In the records below, find the line with "So I start seeing", then copy each line exactly until you have copied the line with "This is the". Leave any picture out.

======== Data for analysis ========

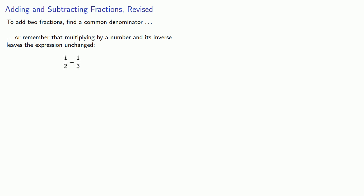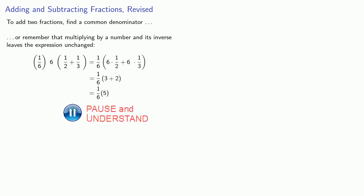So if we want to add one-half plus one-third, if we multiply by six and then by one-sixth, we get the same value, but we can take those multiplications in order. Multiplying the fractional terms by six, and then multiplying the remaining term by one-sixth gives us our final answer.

========
======== Data for analysis ========

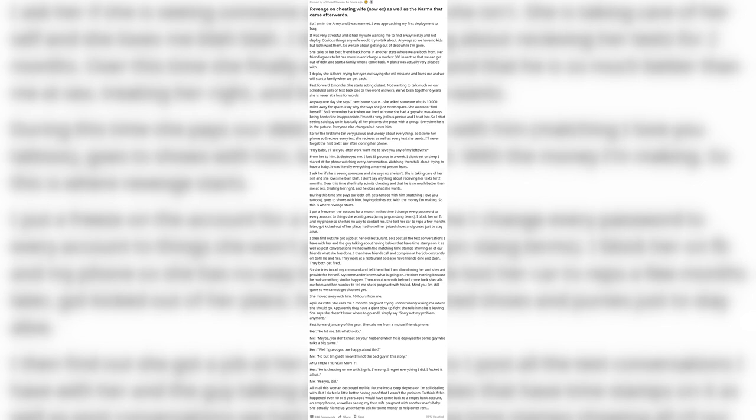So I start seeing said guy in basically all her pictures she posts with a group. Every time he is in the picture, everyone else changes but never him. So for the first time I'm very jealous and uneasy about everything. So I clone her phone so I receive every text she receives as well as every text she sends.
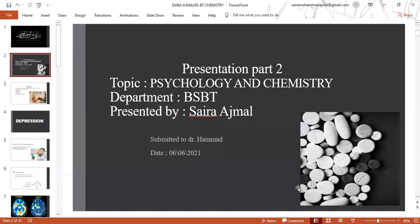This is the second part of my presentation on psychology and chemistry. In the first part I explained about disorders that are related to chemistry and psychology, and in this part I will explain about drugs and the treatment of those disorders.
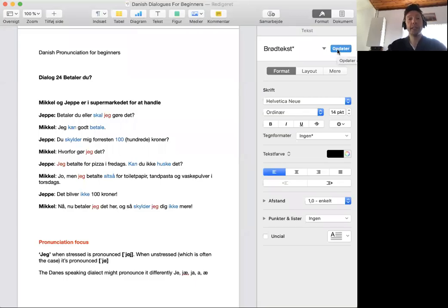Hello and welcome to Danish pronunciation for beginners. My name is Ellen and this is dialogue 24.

========

● Reply to the task:
So I start seeing said guy in basically all her pictures she posts with a group. Every time he is in the picture, everyone else changes but never him. So for the first time I'm very jealous and uneasy about everything. So I clone her phone so I receive every text she receives as well as every text she sends.
This is the second part of my presentation on psychology and chemistry. In the first part I explained about disorders that are related to chemistry and psychology, and in this part I will explain about drugs and the treatment of those disorders.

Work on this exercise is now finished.